Quando ero bambino, all’età che ora ha mio figlio, la mia mamma era direttrice del Gianicolo, una galleria d’arte in centro a Perugia; uscendo da scuola andavo in questo posto silenzioso, abitato da strani personaggi dipinti e passavo i pomeriggi a fare i compiti completamente circondato da essi. Negli anni, pur non seguendo le orme di mia madre, mi è rimasta dentro l’aura dell’arte e pur non essendo ne informato ne esperto ne tanto meno artista, sono sempre molto attratto da essa in tutte le sue incarnazioni.

Un mese fa mi sono accorto che una mia collega si occupava della promozione e sistemazione del Fuseum -  Centro d'arte e parco museale di Brajo Fuso . Al solo sentirne il nome ho subito pensato alla mamma che da bambino mi portava spesso in questo posto incantato, situato 500 mt sopra casa mia e ho pensato come a volte l’arte possa stimolare la fantasia in modo quasi magico e lasciare ad un bambino ormai adulto un ricordo meravigliosamente distorto di un luogo.

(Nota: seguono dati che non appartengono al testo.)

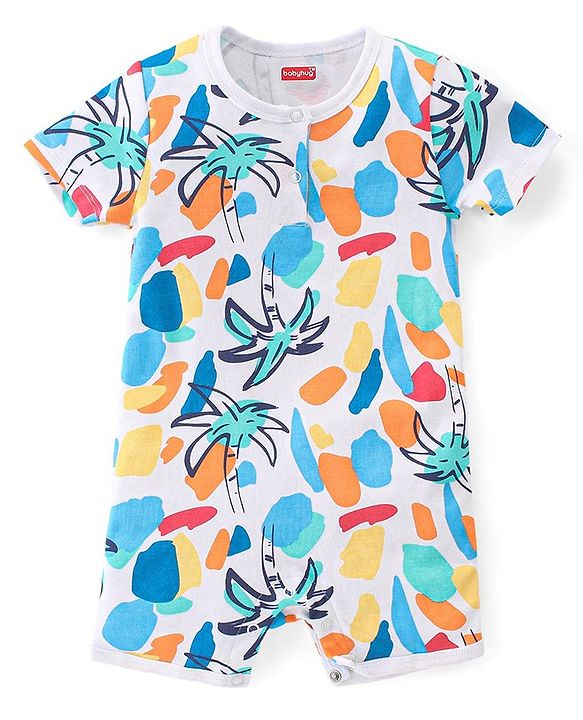 Babyhug 100% Cotton Knit Half Sleeves Rompers With Striped & Palms Tree Print Pack Of 2 - White Blue & Orange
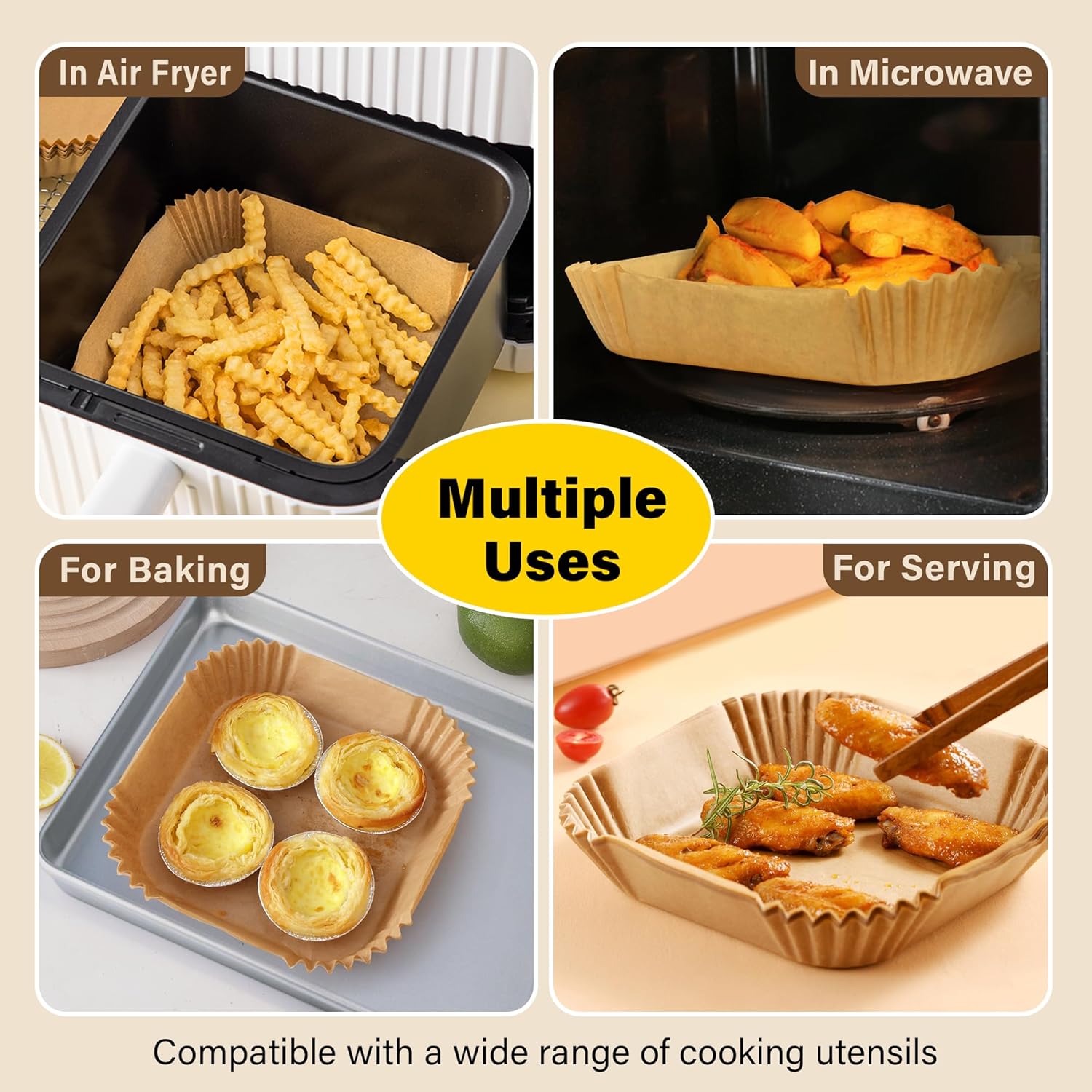 Feuilles jetables anti-adhésives pour friteuse à air - EasyCrisp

Non ho perso tempo, ho parlato con la mia collega che ha invitato me e la mia famiglia ad una visita guidata del posto, che a dire la verità si presta molto a coinvolgere i bambini, soprattutto con le sculture ricavate da oggetti di uso comune modellati e dipinti sapientemente. Lorenzo ha cominciato ad usare il museo come un fantasiosissimo parco giochi, proprio come era capitato a me, mentre i miei occhi trenta anni più vecchi non riescono a coglierne più l'incanto, ma da adulto riesco ad apprezzarne il lato artistico e culturale.